The Heads of State and Government who attended Port-of-Spain, capital of Trinidad and Tobago, from April 17 to 19, 2009, were very clear that Cuba’s reintegration into the inter-American relations was an essential step for the Americas.
That weekend, 13 years ago, the presidents also showed that Obama’s projection was the beginning of a new era between Havana and Washington.
They also had high expectations regarding the announcements of changes in the US policies towards the continent, and particularly, the elimination of the economic, political and commercial blockade of that government against the Cubans.
“We look forward to the day when Cuba can take its rightful place among its colleagues in the hemisphere,” said Trinidad and Tobago’s Prime Minister Patrick Manning, who delivered the closing remarks at the meeting.

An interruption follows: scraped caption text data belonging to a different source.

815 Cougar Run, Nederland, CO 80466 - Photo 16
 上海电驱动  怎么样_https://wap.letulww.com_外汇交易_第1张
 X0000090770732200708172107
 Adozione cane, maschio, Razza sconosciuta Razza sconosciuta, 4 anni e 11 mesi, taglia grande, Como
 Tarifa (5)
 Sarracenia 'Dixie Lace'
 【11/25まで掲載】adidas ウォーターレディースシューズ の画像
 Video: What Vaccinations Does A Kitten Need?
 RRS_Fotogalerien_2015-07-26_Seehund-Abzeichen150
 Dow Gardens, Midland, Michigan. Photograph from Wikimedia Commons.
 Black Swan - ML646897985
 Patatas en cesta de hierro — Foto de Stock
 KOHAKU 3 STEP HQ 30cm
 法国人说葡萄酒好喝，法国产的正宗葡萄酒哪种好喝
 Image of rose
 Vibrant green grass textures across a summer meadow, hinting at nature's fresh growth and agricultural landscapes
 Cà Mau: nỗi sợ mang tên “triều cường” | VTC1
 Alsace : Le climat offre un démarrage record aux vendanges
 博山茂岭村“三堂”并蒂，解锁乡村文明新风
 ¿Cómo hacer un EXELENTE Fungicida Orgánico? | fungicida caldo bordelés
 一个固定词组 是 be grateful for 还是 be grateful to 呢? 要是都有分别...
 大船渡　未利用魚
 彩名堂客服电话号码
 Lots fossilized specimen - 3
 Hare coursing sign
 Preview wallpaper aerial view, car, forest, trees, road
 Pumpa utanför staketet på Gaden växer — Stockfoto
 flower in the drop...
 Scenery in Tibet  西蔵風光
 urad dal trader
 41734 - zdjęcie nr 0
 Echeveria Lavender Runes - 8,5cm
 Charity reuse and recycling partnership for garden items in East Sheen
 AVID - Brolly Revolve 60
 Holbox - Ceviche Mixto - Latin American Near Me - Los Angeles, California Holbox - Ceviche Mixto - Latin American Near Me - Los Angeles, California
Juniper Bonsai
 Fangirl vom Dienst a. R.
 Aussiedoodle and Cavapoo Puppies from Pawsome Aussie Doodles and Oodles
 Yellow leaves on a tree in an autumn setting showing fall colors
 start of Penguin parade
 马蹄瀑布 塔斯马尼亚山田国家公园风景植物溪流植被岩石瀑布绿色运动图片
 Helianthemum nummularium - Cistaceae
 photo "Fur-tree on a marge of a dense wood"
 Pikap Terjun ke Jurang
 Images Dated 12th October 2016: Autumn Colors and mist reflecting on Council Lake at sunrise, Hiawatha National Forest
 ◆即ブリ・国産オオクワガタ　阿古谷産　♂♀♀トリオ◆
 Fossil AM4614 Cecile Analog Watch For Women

Cuba had not been invited to any of the Summits held since 1994, and for the Trinidad and Tobago meeting, it was not allowed to attend either.
Among those present, Nicaragua’s President Daniel Ortega expressed his shame for Cuba’s absence, “the brother country”, and refused to call that Pan-American meeting by its name.
The Cuban nation was sanctioned and punished for fighting for its independence, the sovereignty of the peoples, providing solidarity without conditions to the Latin America and Caribbean countries, “and for that reason, I do not feel comfortable in this Summit,” Ortega emphasized.
That year, Cuba was the only country excluded from the Summit, which detracted from the efforts to achieve regional solutions to regional problems such as human prosperity, energy security and environmental sustainability.
It became clear there that Cuba’s inclusion in the main hemispheric issues was a priority for the continent.
Although Cuba never demanded its presence at the hemispheric Summits, its participation was achieved in Panama in 2015, 28 years after the first of these meetings, held in the US city of Miami.